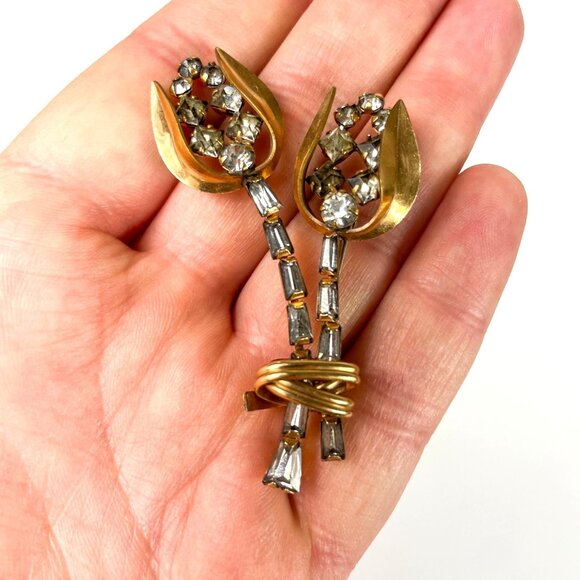 Vintage Phyllis 12K Gold-Filled Tulip Rhinestone Brooch Pin - Picture 2 of 5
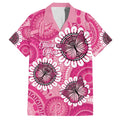 Personalised Australia Indigenous Family Matching Short Sleeve Bodycon Dress and Hawaiian Shirt Breast Cancer Ribbon Think Pink - Pink Version LT14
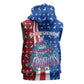 Cape Verde Christmas Sleeveless Zip Hoodie Festive Pattern Christmas Tree and National Emblem Motif - African Pride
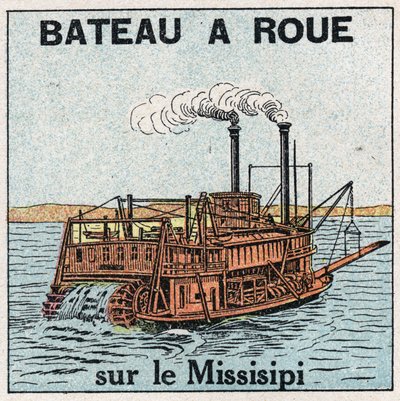 船と船：ミシシッピ川のホイールボート。1925年の匿名のイラスト。個人蔵。 作： Anonymous Anonymous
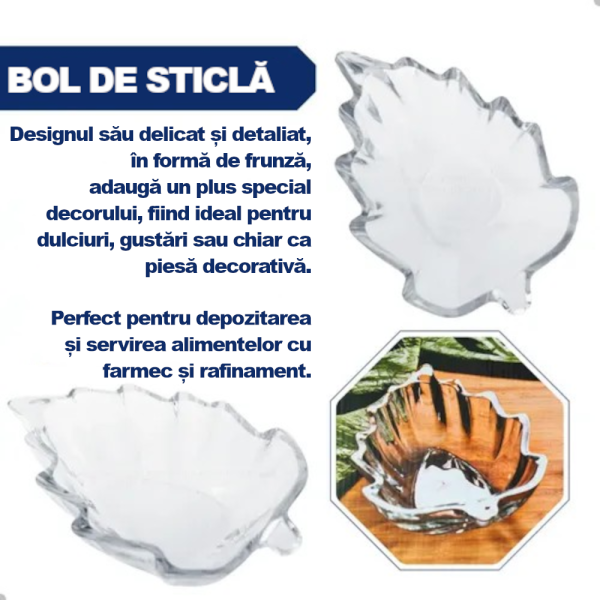 Infografic publicitar detaliat ce prezinta bolul de sticla in forma de frunza, cu text explicativ privind utilitatea sa pentru dulciuri si gustari rafinate.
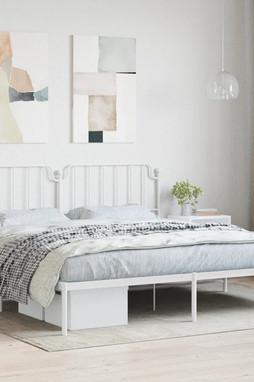 vidaXL 373942 - Cadre de lit métal sans matelas et tête de lit blanc 193x203 cm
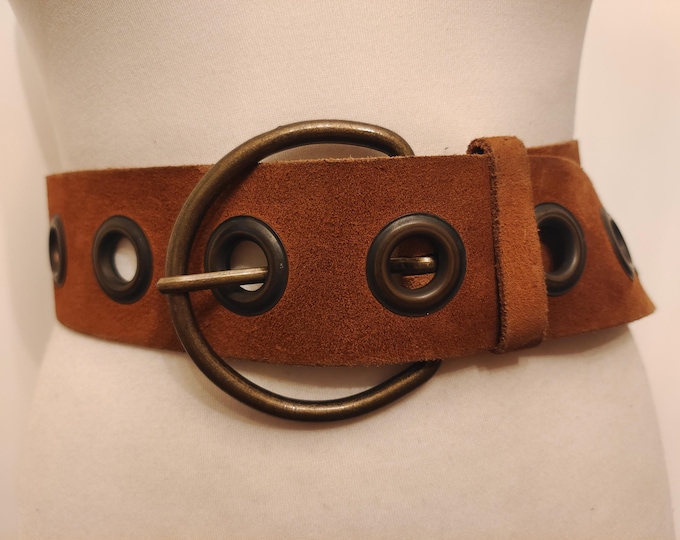 90's Vintage Wide Brown Real Leather Adjustable Belt by Tophop Made in Holland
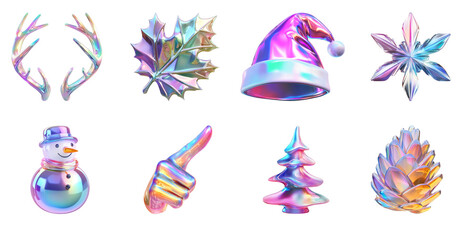 Abstract iridescent colored festive christmas icons. Holographic neon foil design elements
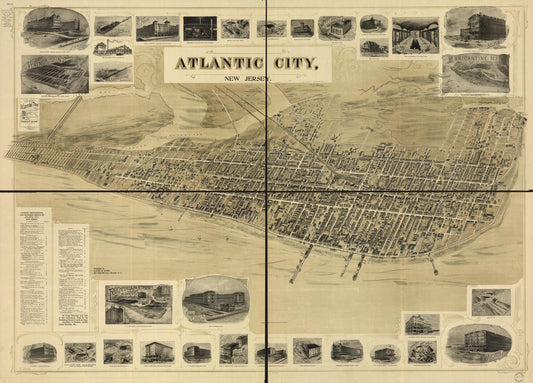 Atlantic City, New Jersey. (1900) – Historic Bird’s-Eye View Panorama Print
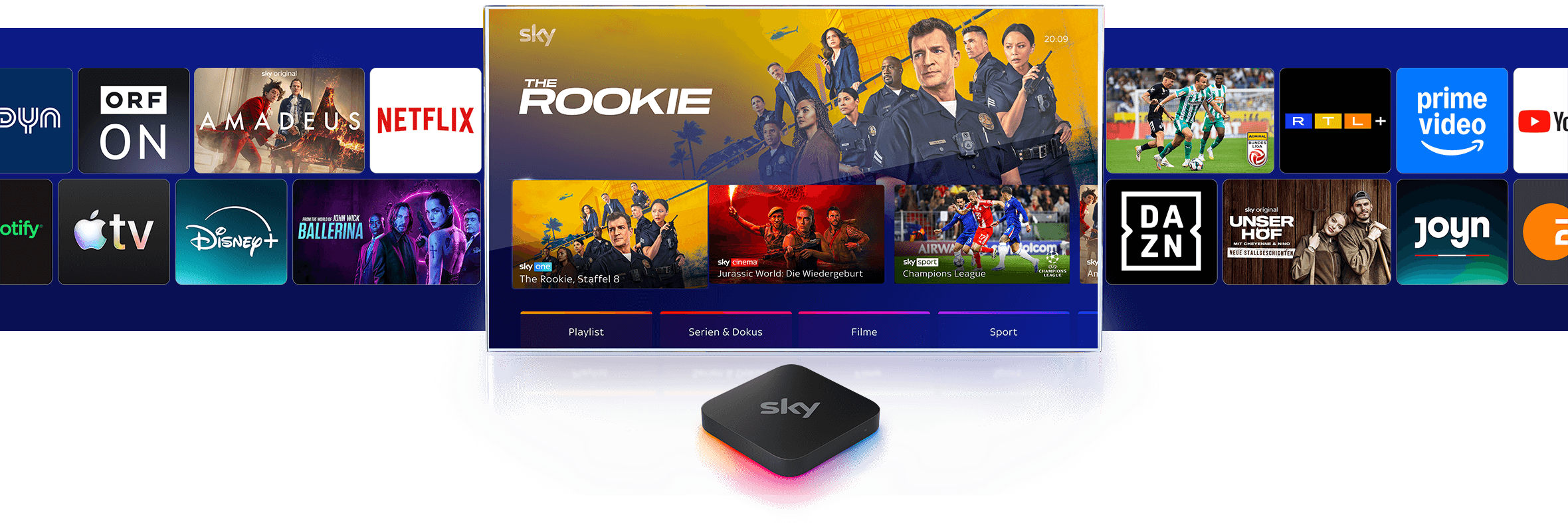 Sky Stream Box vor einem Fernseher, auf dem das Sky Stream UI zu sehen ist.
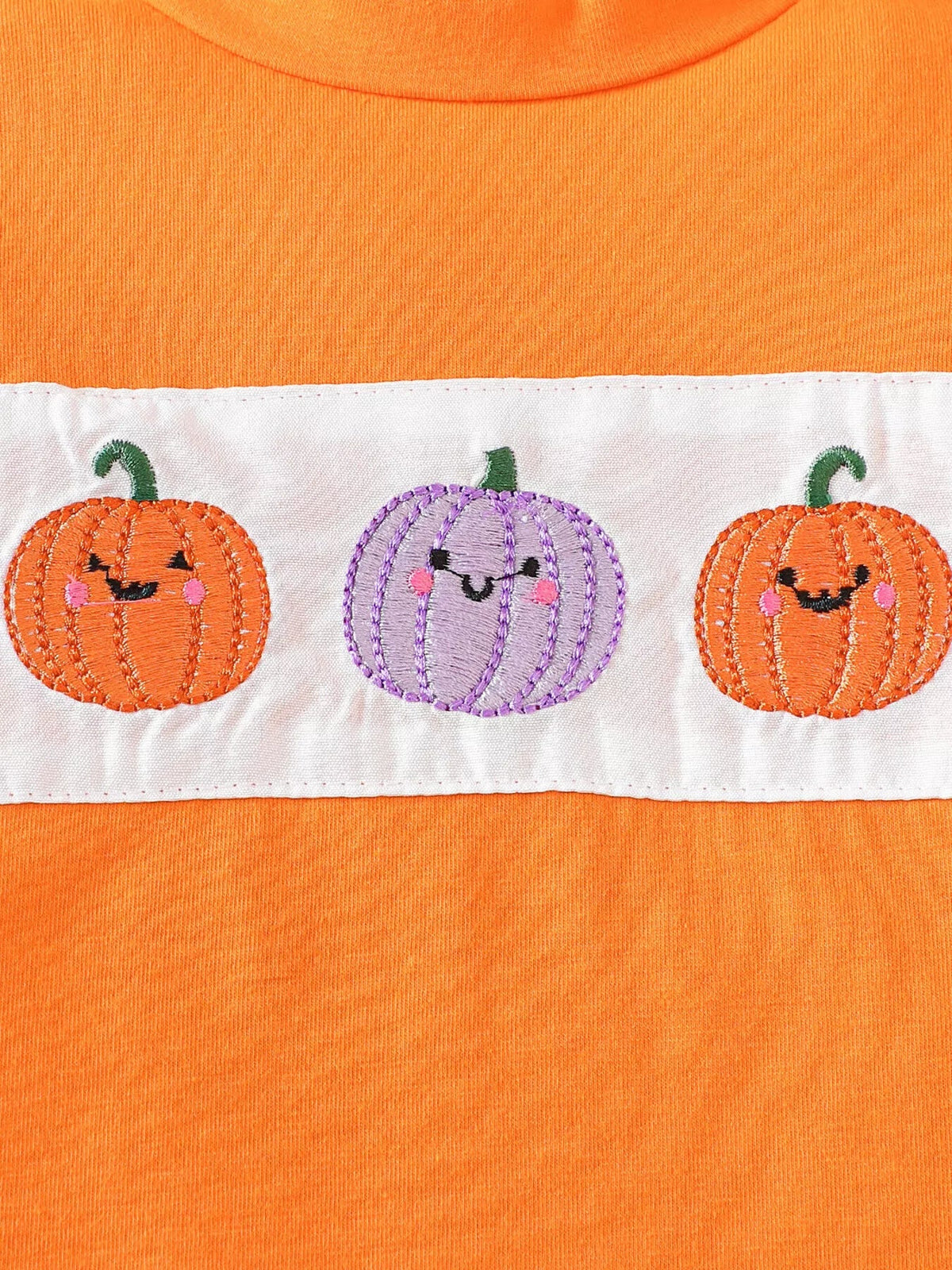 Children's Halloween Pumpkin Long Sleeve Top and Spiderweb Bell Bottom Set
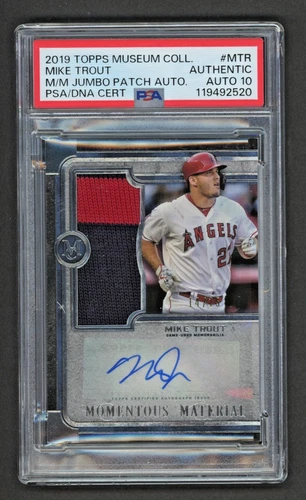 2019 Topps Museum #MTR MIKE TROUT Momentous Material Auto #14/15 PSA 10 GEM MINT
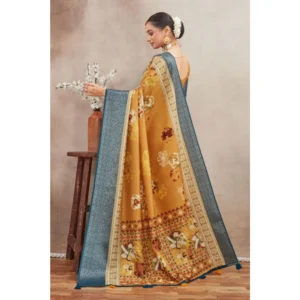 Women's Crepe Silk Printed Saree With Unstitched Blouse 5.5Mtr (Mustard) - Image 2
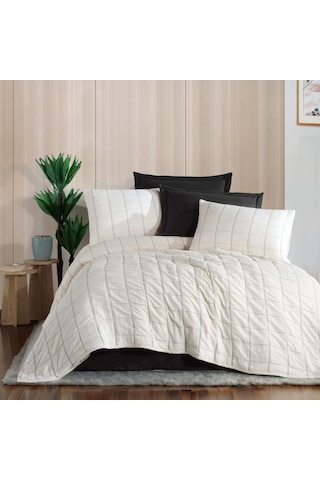 Zebra Casa Elisa Çift Kişilik 6 Parça Yatak Örtüsü Seti / Siyah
-- -- --
Problem statement:
Starting at the line that contains "Women's Crepe Silk", extract each line through the last line of the material exactly as written, and include no pictures.

Exercise response:
 Women's Crepe Silk Printed Saree With Unstitched Blouse 5.5Mtr (Mustard) - Image 2
 Zebra Casa Elisa Çift Kişilik 6 Parça Yatak Örtüsü Seti / Siyah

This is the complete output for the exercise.